Those inside the Ballymac Centre were described as “sheltering” and included a pregnant woman with children.

The court heard that up to 11 people sheltered in the centre for eight days, until February 10.

The prosecution lawyer described evidence in the case as comprising of body worn camera footage, CCTV, officers statements and statements from civilian witnesses.

“Witnesses from the local area told police that this group was part of the East Belfast UVF,” she said.

None of the three spoke during police interview, according to the prosecution, but Stephen Matthews provided a written statement in which he denied all of the allegations.

Prosecution argued against bail due to a risk of reoffending and potential interference with the course of justice in relation to civilian witnesses.

“Now that these individuals have been charged there is significant concern that tensions in the area will rise,” she said.

Defence lawyers for the three defendants queried whether the men were identified by officers at the scene or afterwards.

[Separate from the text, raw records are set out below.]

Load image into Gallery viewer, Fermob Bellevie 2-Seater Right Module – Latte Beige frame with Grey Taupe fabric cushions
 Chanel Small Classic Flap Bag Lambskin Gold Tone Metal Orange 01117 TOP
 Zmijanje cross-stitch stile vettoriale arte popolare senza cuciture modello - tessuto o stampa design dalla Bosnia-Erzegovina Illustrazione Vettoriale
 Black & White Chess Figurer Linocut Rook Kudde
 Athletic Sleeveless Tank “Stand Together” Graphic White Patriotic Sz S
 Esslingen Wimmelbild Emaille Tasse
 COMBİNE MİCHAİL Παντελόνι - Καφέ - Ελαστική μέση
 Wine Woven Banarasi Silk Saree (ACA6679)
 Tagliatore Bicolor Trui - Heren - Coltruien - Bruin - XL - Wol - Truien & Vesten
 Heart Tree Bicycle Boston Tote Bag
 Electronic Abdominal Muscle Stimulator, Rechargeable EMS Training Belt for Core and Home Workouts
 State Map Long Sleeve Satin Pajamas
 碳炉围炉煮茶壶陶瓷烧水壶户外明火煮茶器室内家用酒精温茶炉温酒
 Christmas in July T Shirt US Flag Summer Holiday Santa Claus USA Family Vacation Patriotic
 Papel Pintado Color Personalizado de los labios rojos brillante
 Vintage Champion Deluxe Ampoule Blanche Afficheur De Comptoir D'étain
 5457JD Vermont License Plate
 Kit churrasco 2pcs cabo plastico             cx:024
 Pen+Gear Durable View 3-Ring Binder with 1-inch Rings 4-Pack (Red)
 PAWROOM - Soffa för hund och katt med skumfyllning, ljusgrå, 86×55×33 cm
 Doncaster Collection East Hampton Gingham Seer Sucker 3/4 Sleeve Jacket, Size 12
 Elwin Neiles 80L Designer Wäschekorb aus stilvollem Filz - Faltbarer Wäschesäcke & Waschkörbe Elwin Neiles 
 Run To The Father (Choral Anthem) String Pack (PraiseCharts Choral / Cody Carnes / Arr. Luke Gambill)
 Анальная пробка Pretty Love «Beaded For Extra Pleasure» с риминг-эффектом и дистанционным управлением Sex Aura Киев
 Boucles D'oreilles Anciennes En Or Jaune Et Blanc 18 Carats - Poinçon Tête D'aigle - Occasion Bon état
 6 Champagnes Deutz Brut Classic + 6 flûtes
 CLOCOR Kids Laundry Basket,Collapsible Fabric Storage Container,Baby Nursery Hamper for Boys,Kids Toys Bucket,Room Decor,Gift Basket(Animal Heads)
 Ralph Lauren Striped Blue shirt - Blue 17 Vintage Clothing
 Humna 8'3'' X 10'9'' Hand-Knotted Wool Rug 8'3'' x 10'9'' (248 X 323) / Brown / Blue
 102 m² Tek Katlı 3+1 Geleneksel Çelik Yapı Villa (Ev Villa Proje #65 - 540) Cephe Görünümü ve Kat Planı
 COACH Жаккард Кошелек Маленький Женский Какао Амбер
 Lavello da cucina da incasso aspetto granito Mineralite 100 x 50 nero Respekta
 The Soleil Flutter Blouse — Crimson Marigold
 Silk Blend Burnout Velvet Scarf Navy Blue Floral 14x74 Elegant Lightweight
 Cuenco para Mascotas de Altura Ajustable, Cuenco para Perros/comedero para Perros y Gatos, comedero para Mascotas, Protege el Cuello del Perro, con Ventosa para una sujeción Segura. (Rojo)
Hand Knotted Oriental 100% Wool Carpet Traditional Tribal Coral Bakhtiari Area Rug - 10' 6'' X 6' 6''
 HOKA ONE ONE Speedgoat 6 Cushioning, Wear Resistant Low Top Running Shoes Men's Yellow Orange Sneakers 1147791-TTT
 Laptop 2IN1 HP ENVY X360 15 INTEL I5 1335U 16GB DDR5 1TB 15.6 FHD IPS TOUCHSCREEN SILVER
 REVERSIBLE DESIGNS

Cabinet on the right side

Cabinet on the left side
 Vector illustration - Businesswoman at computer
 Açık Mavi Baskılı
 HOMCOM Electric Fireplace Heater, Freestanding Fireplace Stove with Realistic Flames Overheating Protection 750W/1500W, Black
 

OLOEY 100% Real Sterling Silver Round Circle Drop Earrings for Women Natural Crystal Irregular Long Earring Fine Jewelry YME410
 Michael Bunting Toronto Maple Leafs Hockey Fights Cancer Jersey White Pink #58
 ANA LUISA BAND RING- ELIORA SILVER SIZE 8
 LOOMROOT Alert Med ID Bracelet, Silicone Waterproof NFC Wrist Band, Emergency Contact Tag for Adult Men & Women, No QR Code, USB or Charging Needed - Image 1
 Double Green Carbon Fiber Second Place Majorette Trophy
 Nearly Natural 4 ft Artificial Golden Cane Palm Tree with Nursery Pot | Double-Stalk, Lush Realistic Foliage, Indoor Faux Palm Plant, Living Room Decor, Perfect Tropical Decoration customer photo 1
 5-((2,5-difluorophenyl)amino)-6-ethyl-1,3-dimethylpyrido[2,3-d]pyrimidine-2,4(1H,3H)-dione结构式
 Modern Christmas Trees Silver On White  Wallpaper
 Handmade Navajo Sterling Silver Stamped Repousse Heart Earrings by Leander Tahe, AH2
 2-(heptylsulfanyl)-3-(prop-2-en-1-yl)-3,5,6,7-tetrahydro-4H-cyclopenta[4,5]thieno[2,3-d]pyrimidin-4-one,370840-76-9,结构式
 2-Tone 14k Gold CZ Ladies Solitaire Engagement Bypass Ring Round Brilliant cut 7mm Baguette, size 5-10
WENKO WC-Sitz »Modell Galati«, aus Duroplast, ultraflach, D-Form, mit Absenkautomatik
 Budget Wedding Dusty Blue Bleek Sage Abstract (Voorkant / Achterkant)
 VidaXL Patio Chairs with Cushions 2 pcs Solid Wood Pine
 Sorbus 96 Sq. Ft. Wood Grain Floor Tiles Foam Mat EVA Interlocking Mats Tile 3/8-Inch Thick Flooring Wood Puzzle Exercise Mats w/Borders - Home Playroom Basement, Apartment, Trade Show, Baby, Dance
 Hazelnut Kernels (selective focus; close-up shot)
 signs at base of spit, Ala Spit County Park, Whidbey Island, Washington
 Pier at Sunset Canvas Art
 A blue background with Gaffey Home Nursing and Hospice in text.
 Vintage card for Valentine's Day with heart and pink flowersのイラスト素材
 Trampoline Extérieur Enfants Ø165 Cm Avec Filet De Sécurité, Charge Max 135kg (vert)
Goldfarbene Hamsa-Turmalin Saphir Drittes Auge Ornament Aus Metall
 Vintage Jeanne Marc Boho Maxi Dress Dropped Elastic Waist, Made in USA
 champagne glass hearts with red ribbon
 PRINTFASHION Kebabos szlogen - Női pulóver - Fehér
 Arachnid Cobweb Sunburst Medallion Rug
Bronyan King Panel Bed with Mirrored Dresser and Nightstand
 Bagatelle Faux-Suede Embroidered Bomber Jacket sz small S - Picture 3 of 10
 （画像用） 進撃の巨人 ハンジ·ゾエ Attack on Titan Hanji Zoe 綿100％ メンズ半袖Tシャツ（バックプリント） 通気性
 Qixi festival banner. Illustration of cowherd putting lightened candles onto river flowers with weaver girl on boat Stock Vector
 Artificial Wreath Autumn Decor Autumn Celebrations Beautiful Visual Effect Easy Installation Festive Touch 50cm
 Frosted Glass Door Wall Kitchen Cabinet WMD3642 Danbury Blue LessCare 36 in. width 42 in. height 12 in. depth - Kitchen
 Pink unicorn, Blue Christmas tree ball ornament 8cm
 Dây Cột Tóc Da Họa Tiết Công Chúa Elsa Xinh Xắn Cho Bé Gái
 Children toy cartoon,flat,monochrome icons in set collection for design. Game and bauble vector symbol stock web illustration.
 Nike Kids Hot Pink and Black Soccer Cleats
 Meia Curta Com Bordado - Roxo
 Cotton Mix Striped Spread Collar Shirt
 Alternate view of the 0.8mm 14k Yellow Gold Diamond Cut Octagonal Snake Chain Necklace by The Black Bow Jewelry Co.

They also queried why the men had not been arrested until this week.

A police officer who appeared in court said identifications were made when they commenced the investigation, and also contended that arrests were not made immediately due to “tensions”.

“There was suggestions that if we acted at that time, that would exasperate those tensions and lead to disorder,” the officer said.

A defence lawyer for Stephen Matthews said the argument of potential interference in the justice process is “not justifiable”.

“This man was not arrested until 15 days after he was identified, so the alleged intimidation that didn’t take place during those 15 days is in my respectful submission unjustifiable,” he said, adding that this is an “identification case” which “will be a very tricky case for the Crown”, and “won’t take place as a trial for months and months”.

Lawyers for David Matthews and Mr Lammey made similar arguments on behalf of their clients.

The lawyer for David Matthews put to the police officer: “If they were that much of a risk you wouldn’t have let them be out in the community for so long.”

The officer responded: “I am satisfied that there was a risk however I believe tensions would have been exasperated if we had moved in the days afterwards, there was community mediation ongoing at that time, there is a large scale police investigation which is still ongoing.”

The lawyer for Mr Lammey said there are “clear identification issues, a very select group of civilian statements that are lacking in veracity of evidence”.

After listening to the arguments, District Judge Fiona Bagnall said in these particular cases, she considered there is a “potential and likelihood of reoffending, and a risk of interference in the course of justice”.

“For those reasons, I am going to remand them all in custody at this stage to March 19 on videolink,” she said.